Dünyanın yatay, yassı, yatık hâle gelişine insanların düşünceyle rabıtalarının zayıflaması sebep olmuştur. Düşünme eyleminin insanın dikey, atılımcı, yükselmeyi imleyen yönünün bir neticesi olduğu unutulmuştur. Bugünkü yaygın anlamıyla düşünmek; verili düzendeki yatay hareketliliği çözümleyen, yatık dünyanın gündelik sorunlarına pratik çözümler üreten insanlarının zihinsel etkinliğinden ibarettir.
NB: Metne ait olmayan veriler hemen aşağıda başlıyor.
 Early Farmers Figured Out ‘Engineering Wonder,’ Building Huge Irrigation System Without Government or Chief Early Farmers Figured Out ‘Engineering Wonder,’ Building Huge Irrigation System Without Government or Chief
Bu türden düşünmeler “düzenin haklılaştırıcısı”dır, dolayısıyla safra ve saçmalık üretmekten fazlasına yaramamaktadır.
Son kırk yılda, önceki kırk yıldan daha kıyıcı ve dehşetli hadiseler yaşandı. Buna rağmen sisteme yönelik kayda değer bir kıpırdanış görülmüyor. Aksine; karınların doymasına, ömrün uzamasına, eğitim ve sağlık hizmetlerine erişimin kolaylaşmasına bakılarak görece bir genişlikten, gelişmişlikten söz ediliyor. Her on yılda bir katlanarak artan tüketime endeksli bir bolluk bu. Bolluk izleniminin oluşmasında sofistike manipülasyon stratejilerinin geliştirilmesinin payı büyüktür. Gündelik hayatta “stabil” görüntünün oluşmasını sağlayan görünmez baskıcı politikaları ifşa etmedikçe, yatay hareketliliğin görünmez kıldığı “statik” ruh durumuna dikkat çekmedikçe düşünme eylemi töhmet altında kalacaktır. Olan bitenler ile arasına eleştirel bir filtre koyamayan düşünceler olsa olsa “yatıştırıcı”lar nev’inden bir ecza muamelesi görecektir.